:: Exercise instructions ::
Repeat only the lines below that run from the line with "BENVENUTO | Sakko Matteo" to the line with "1275 CROSSCREEK CRESCENT - 23", ends included; skip every picture.

*** Data extract ***

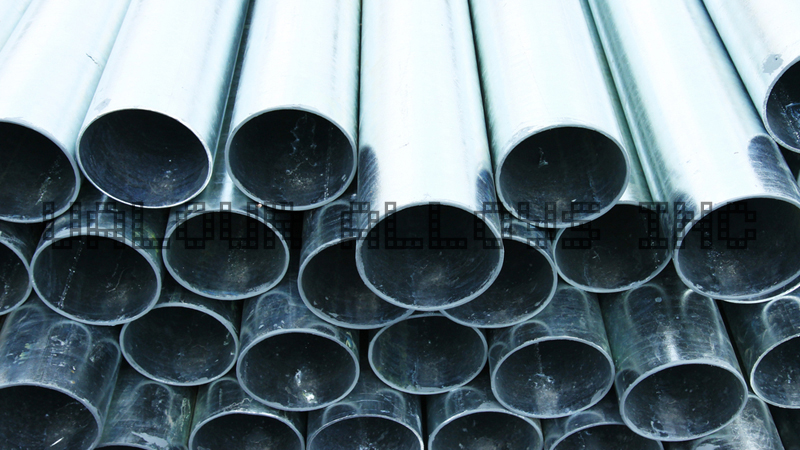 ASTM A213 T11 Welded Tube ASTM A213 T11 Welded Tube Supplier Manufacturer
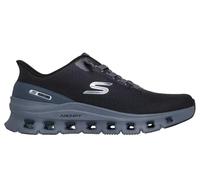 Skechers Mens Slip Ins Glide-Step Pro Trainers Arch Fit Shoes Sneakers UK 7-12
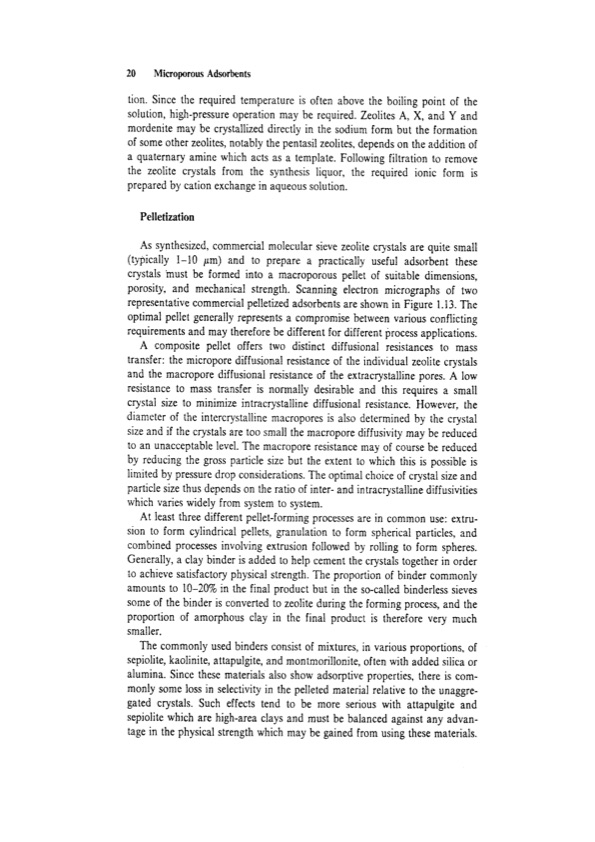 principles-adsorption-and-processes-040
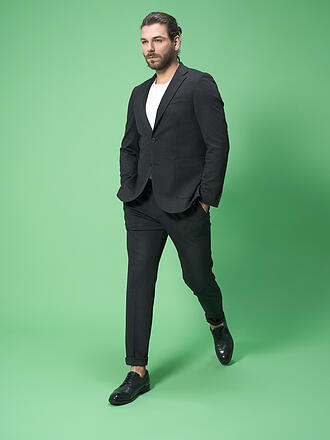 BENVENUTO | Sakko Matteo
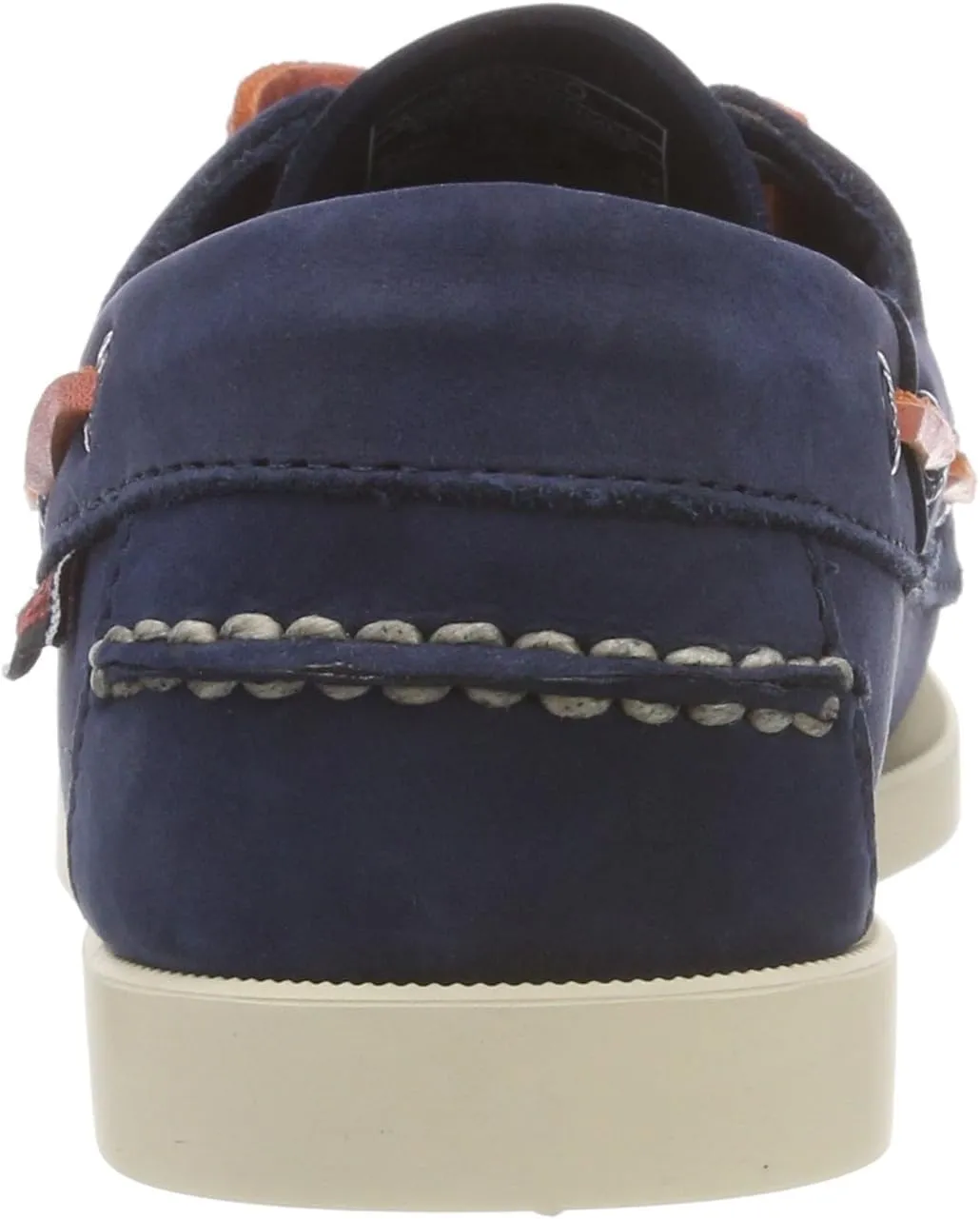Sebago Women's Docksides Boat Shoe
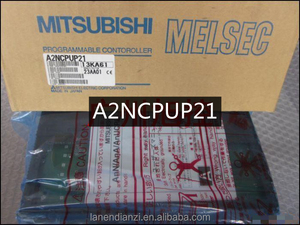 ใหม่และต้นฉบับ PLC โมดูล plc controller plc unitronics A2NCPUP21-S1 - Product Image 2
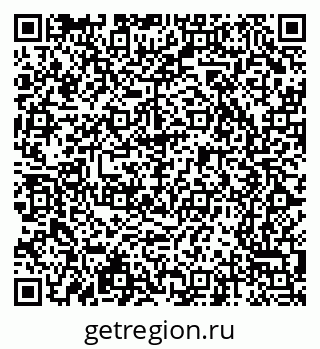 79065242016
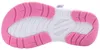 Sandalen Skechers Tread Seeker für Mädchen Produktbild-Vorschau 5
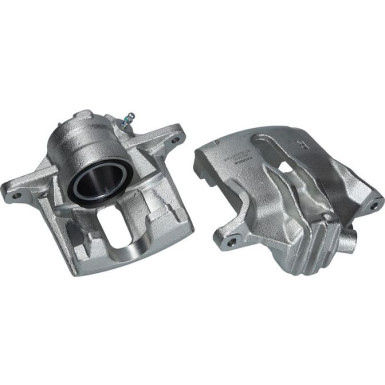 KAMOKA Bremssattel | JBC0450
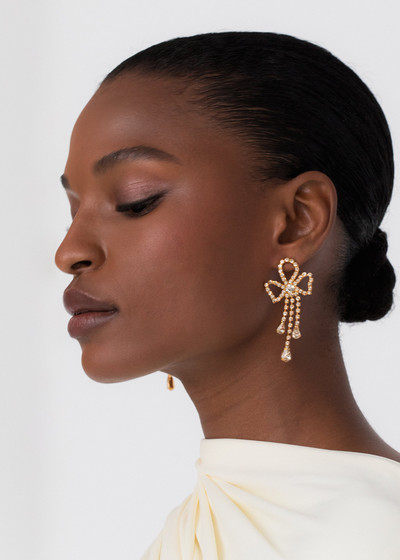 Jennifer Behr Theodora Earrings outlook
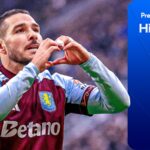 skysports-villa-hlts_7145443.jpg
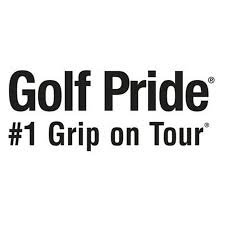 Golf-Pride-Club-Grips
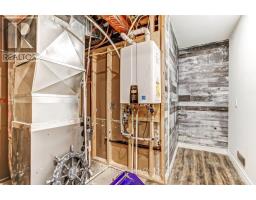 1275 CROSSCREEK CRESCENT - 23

*** End of Data extract ***
*** Data extract ***

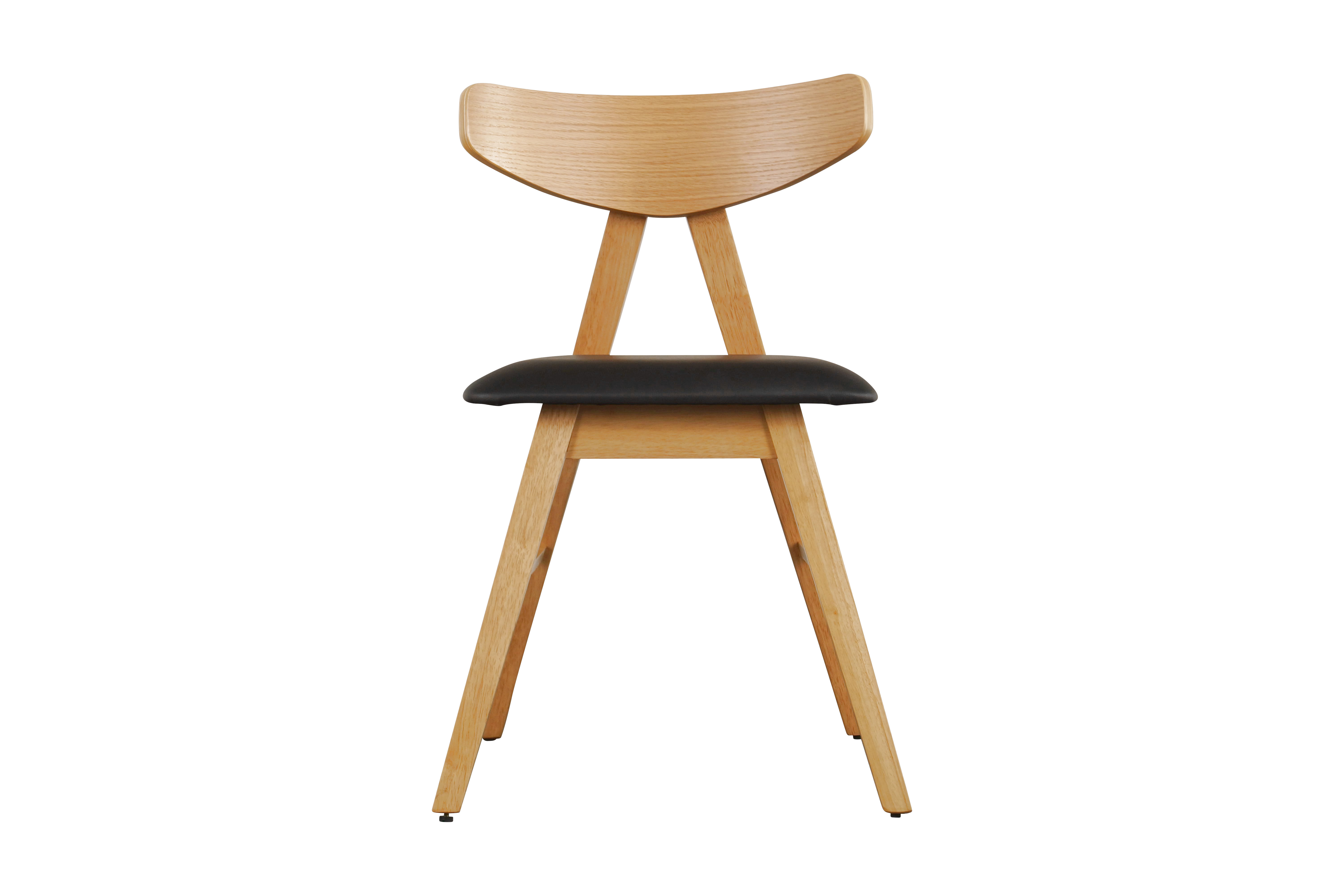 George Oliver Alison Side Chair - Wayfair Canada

*** End of Data extract ***
*** Data extract ***

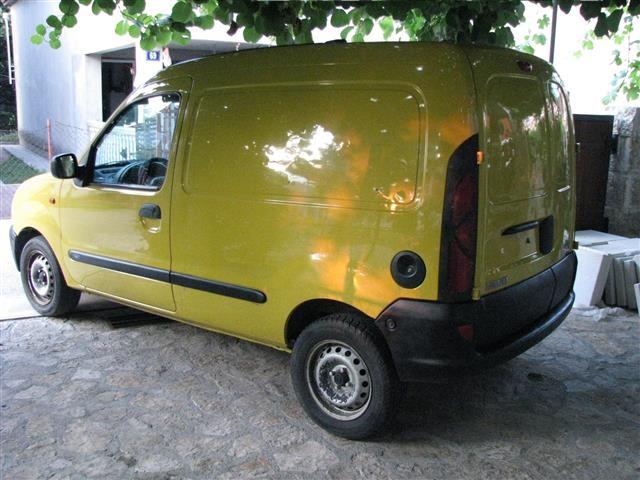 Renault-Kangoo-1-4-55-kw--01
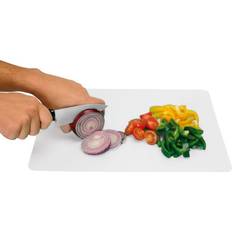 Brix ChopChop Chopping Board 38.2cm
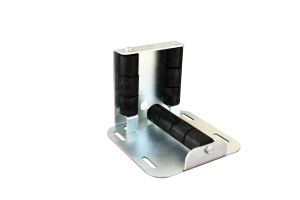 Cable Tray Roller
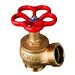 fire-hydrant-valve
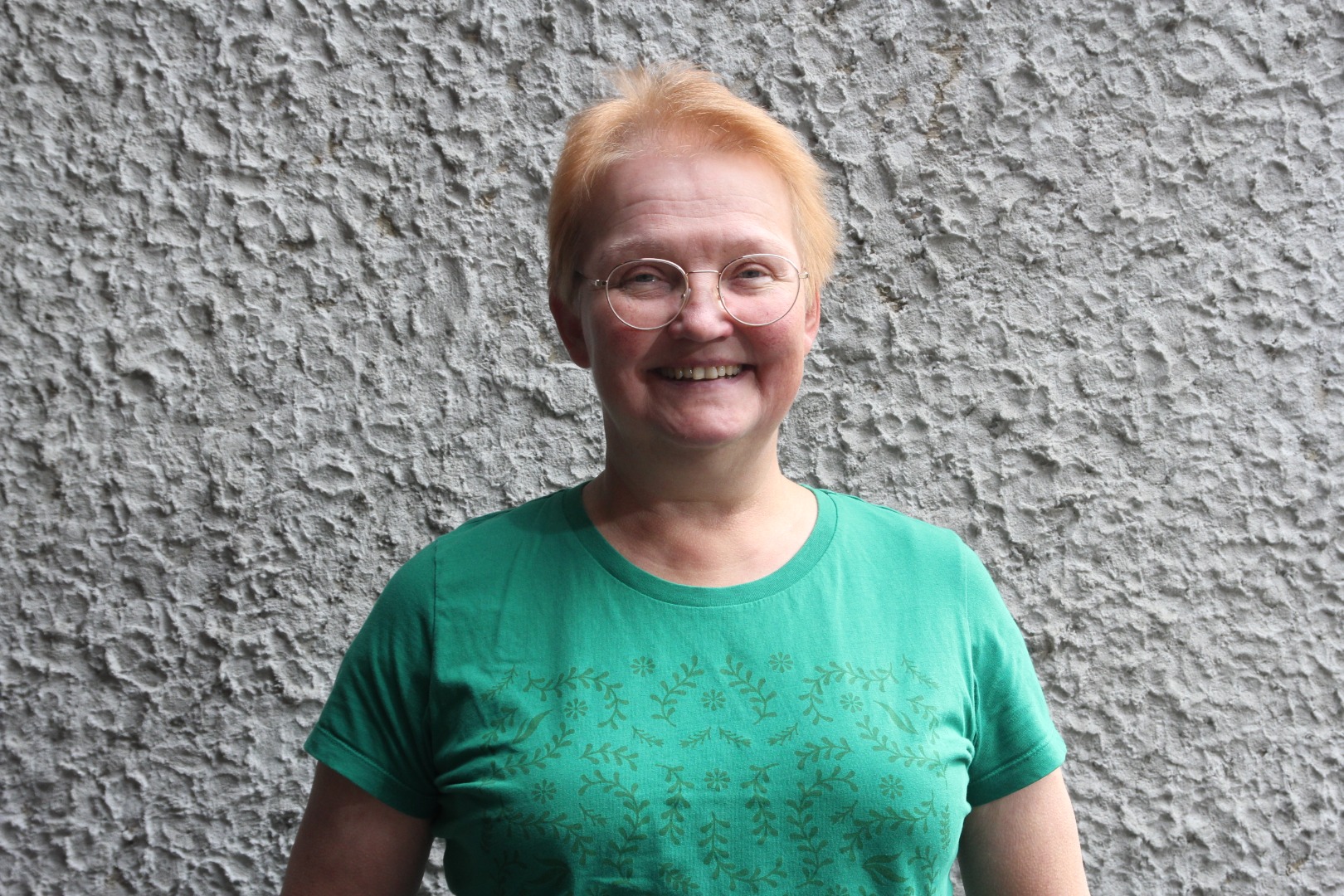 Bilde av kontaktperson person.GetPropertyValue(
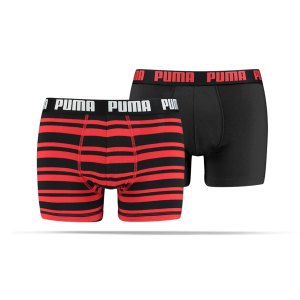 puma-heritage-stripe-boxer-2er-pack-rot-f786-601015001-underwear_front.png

*** End of Data extract ***

:: The answer ::
 BENVENUTO | Sakko Matteo
Sebago Women's Docksides Boat Shoe
 ใหม่และต้นฉบับ PLC โมดูล plc controller plc unitronics A2NCPUP21-S1 - Product Image 2
 79065242016
 Sandalen Skechers Tread Seeker für Mädchen Produktbild-Vorschau 5
 KAMOKA Bremssattel | JBC0450
 Jennifer Behr Theodora Earrings outlook
 skysports-villa-hlts_7145443.jpg
 Golf-Pride-Club-Grips
 1275 CROSSCREEK CRESCENT - 23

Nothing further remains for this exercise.